▸ Dataset entries:

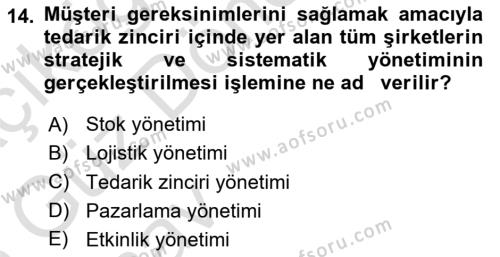 Lojistik İlkeleri Dersi 2024 - 2025 Yılı (Vize) Ara Sınavı 14. Soru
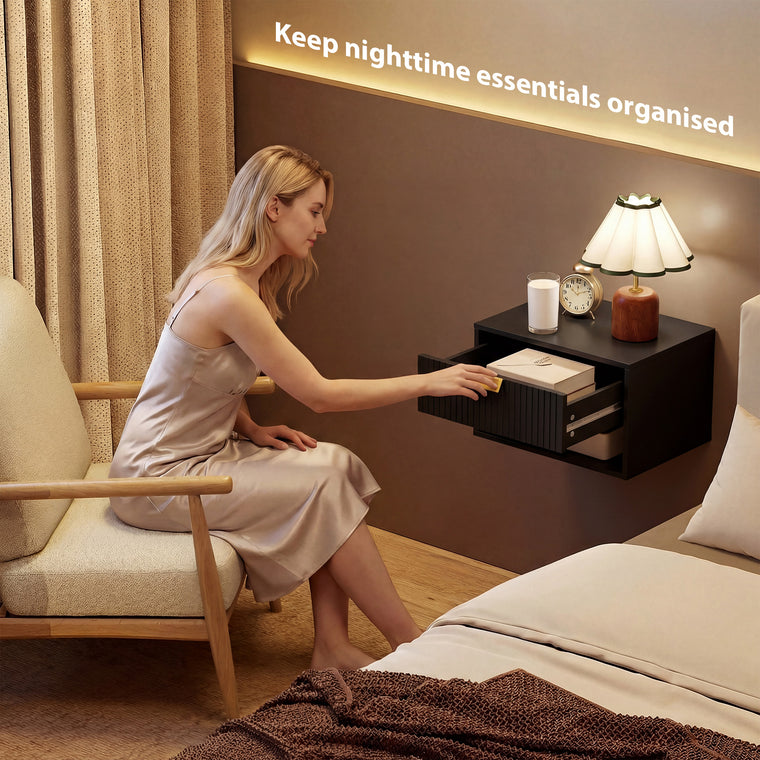 Floating Nightstand Set of 2 with Fluted Drawer
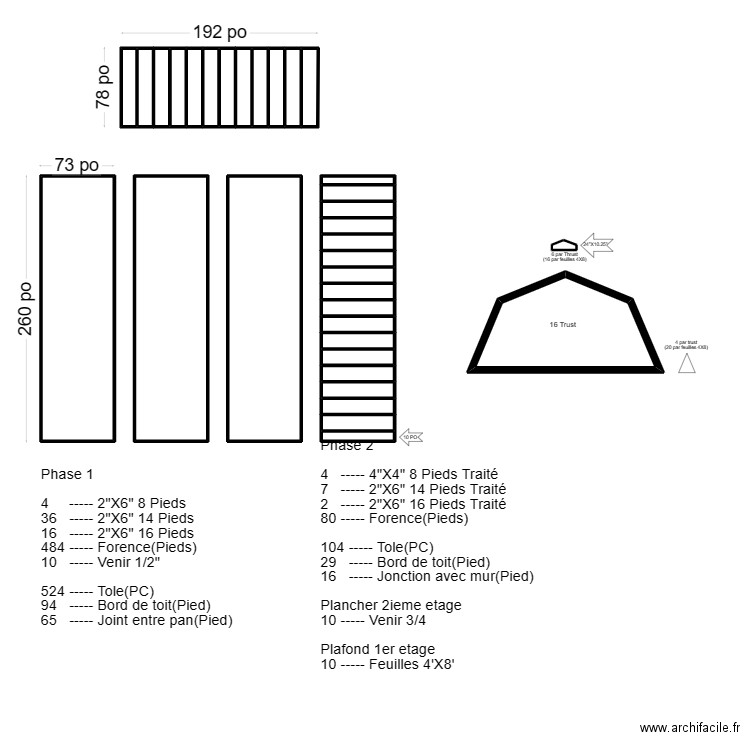 16X20 Structure toit. Plan de 0 pièce et 0 m2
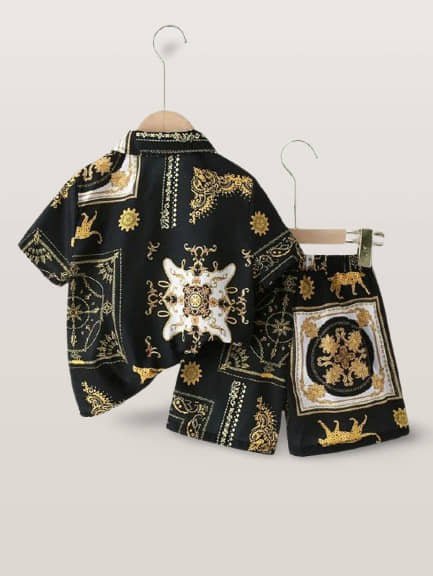 Ocvito Pack of 1 Boys Cotton Shirt & Shorts Set ( Black ) - Image 2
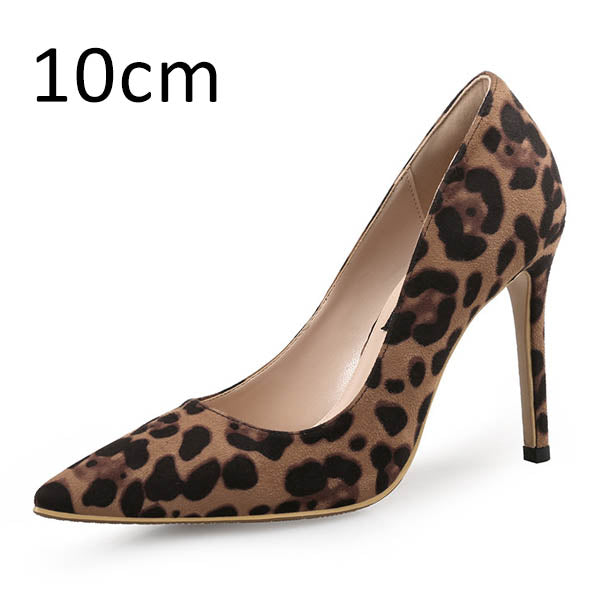 Leopard Print Pointed High Heels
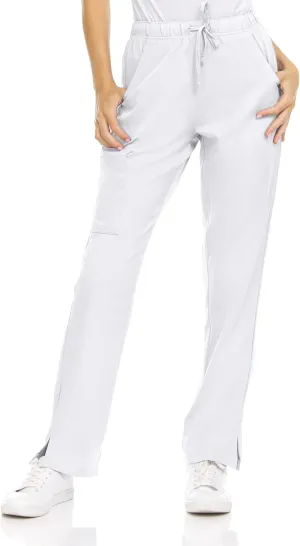 MediChic Womens Scrubs 4-Way Anti-Wrinkle Stretch Straight Leg Six Pocket Pants with Cargo Pockets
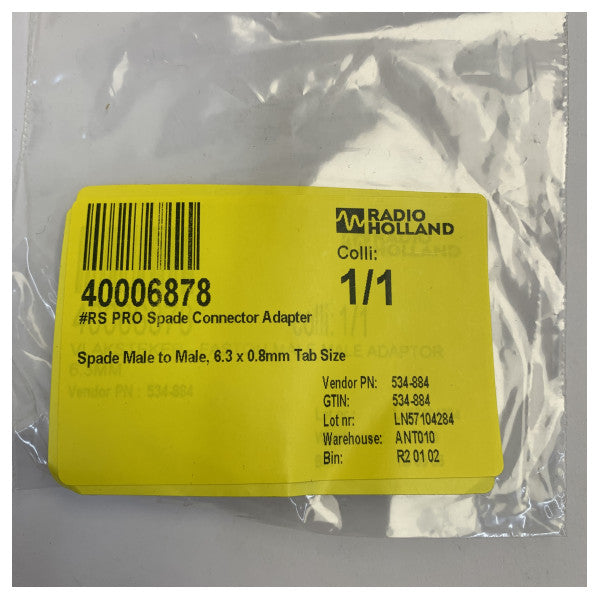 RS PRO Spade Connector Adapter Male to Male 6.3 x 0.8mm Marine Electrical Tab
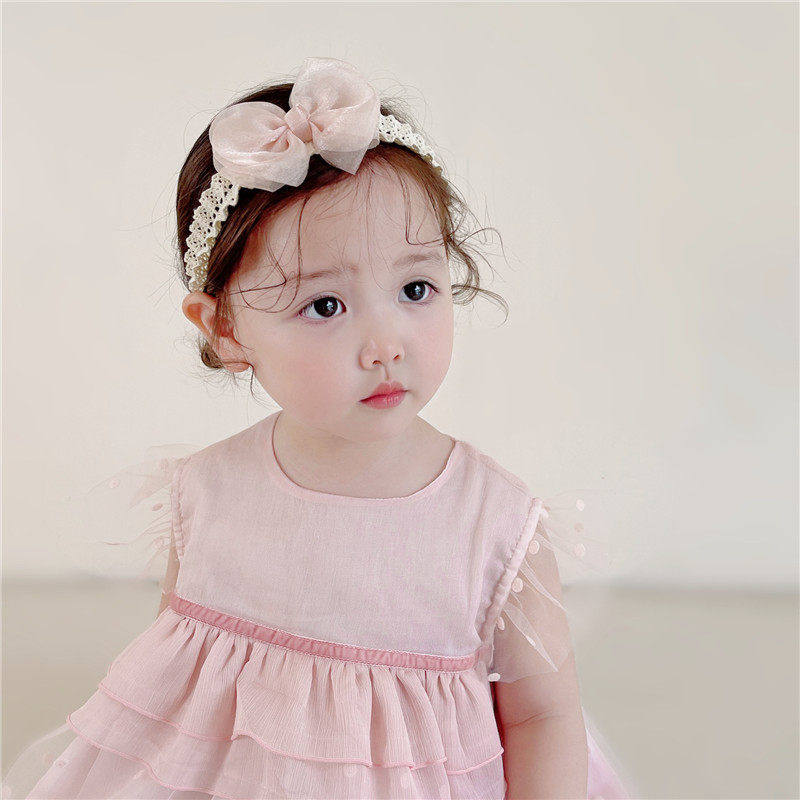 韩版夏季女宝宝蝴蝶结公主发饰婴幼儿超仙满月头花婴儿百天发带
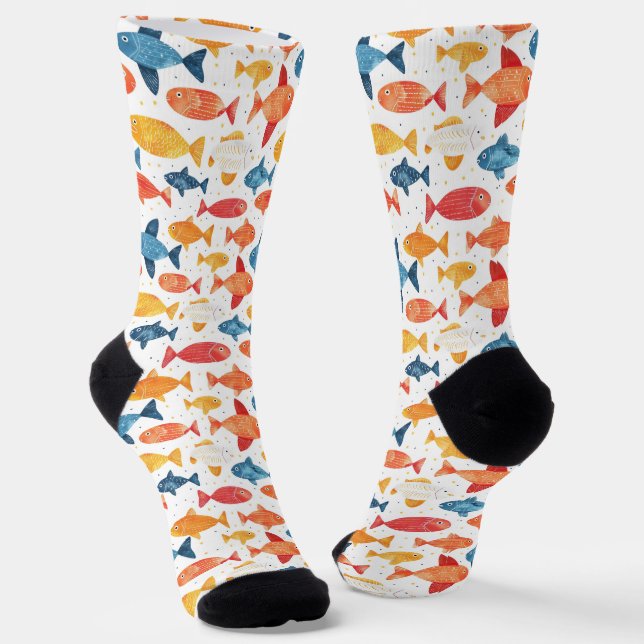 Funny Fishes Colourful Pattern Socks (Angled)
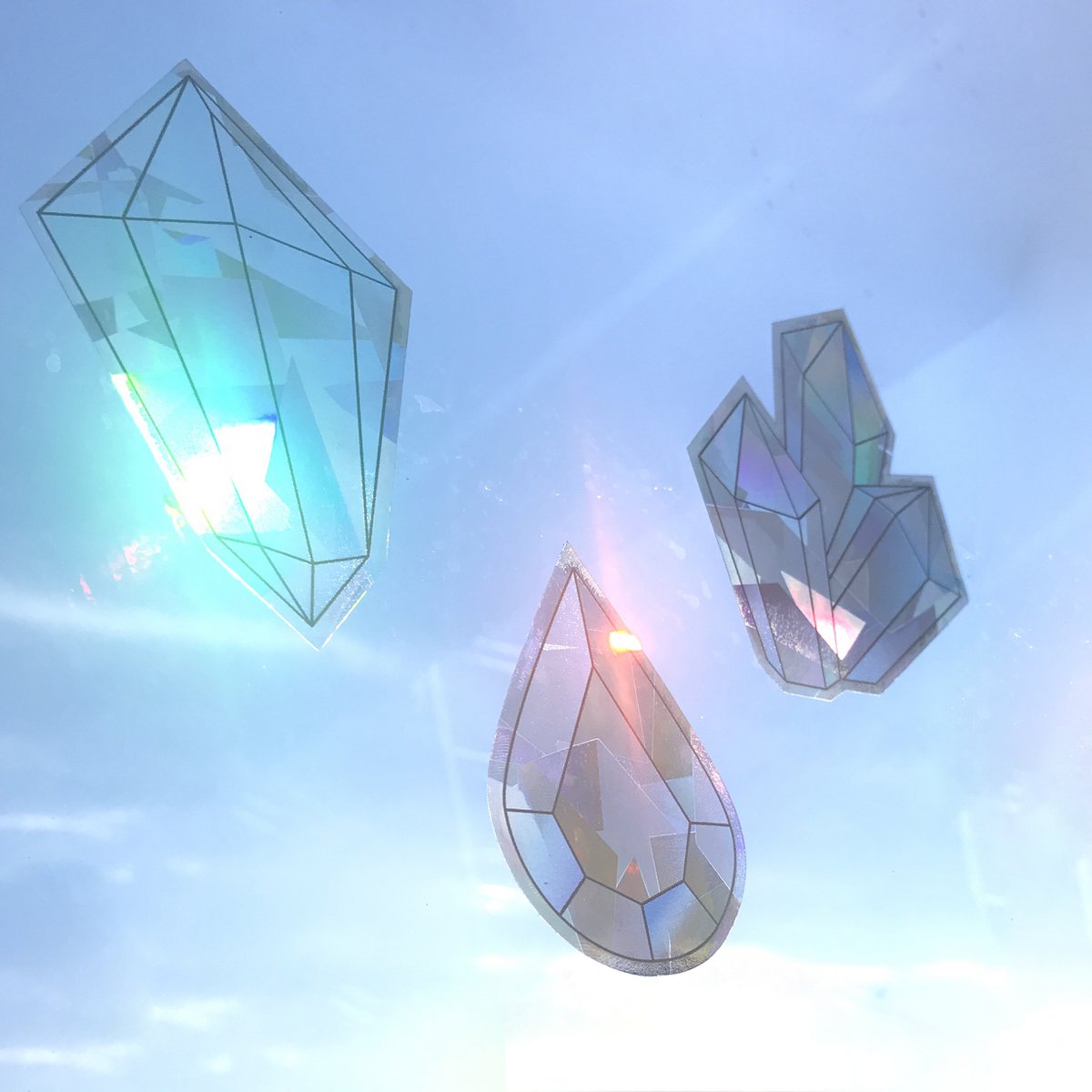 Crystal Rainbowmaker raamsticker / kaart - Set van 3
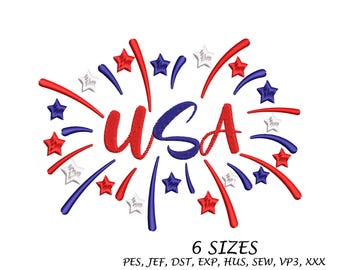 USA Firework  or Single Fireworks  Embroidery Design, 4th of July Machine File 6 Sizes,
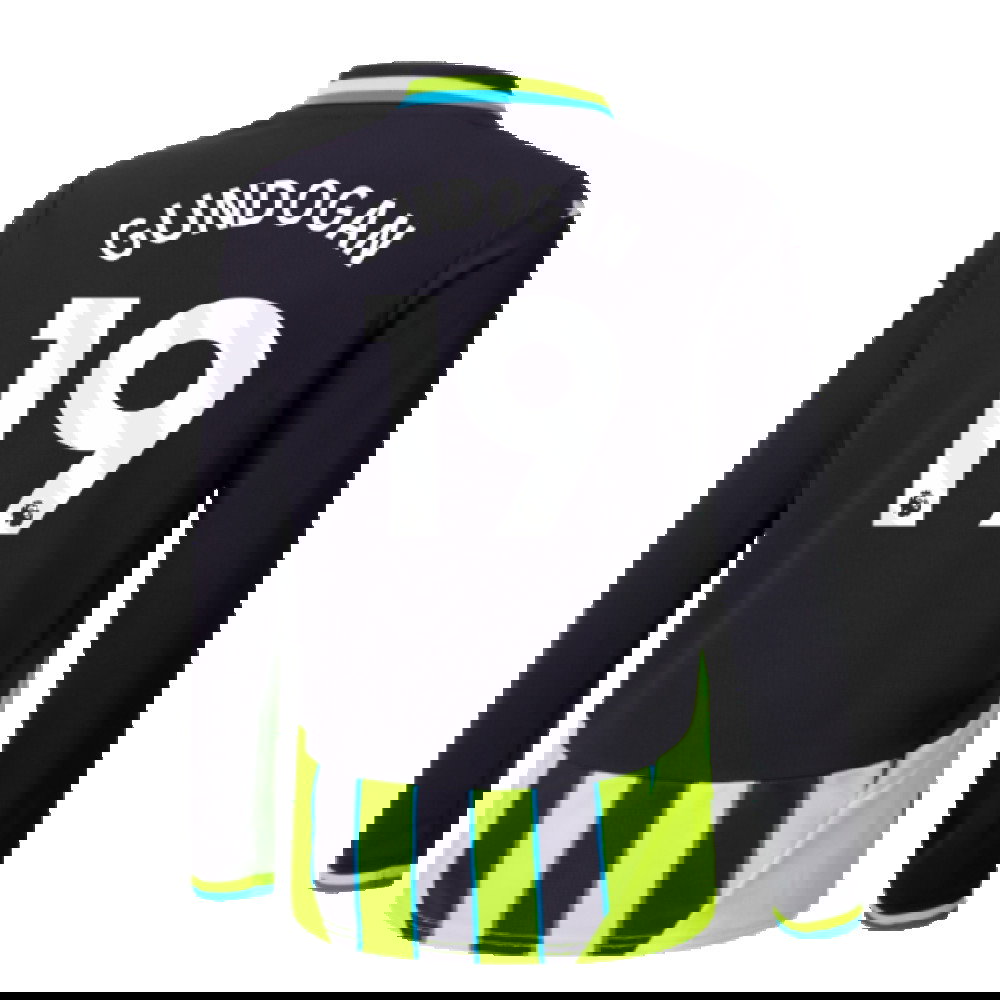 2024-2025 Man City Away Long Sleeve Shirt (Kids) (Gundogan 19)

▸ Task description: Return the entries exactly as given. Do not include pictures.

▸ Worked solution:
 Lojistik İlkeleri Dersi 2024 - 2025 Yılı (Vize) Ara Sınavı 14. Soru
 Floating Nightstand Set of 2 with Fluted Drawer
 16X20 Structure toit. Plan de 0 pièce et 0 m2
 Ocvito Pack of 1 Boys Cotton Shirt & Shorts Set ( Black ) - Image 2
 Leopard Print Pointed High Heels
 MediChic Womens Scrubs 4-Way Anti-Wrinkle Stretch Straight Leg Six Pocket Pants with Cargo Pockets
 RS PRO Spade Connector Adapter Male to Male 6.3 x 0.8mm Marine Electrical Tab
 韩版夏季女宝宝蝴蝶结公主发饰婴幼儿超仙满月头花婴儿百天发带
 Funny Fishes Colourful Pattern Socks (Angled)
 Crystal Rainbowmaker raamsticker / kaart - Set van 3
 USA Firework  or Single Fireworks  Embroidery Design, 4th of July Machine File 6 Sizes,
 2024-2025 Man City Away Long Sleeve Shirt (Kids) (Gundogan 19)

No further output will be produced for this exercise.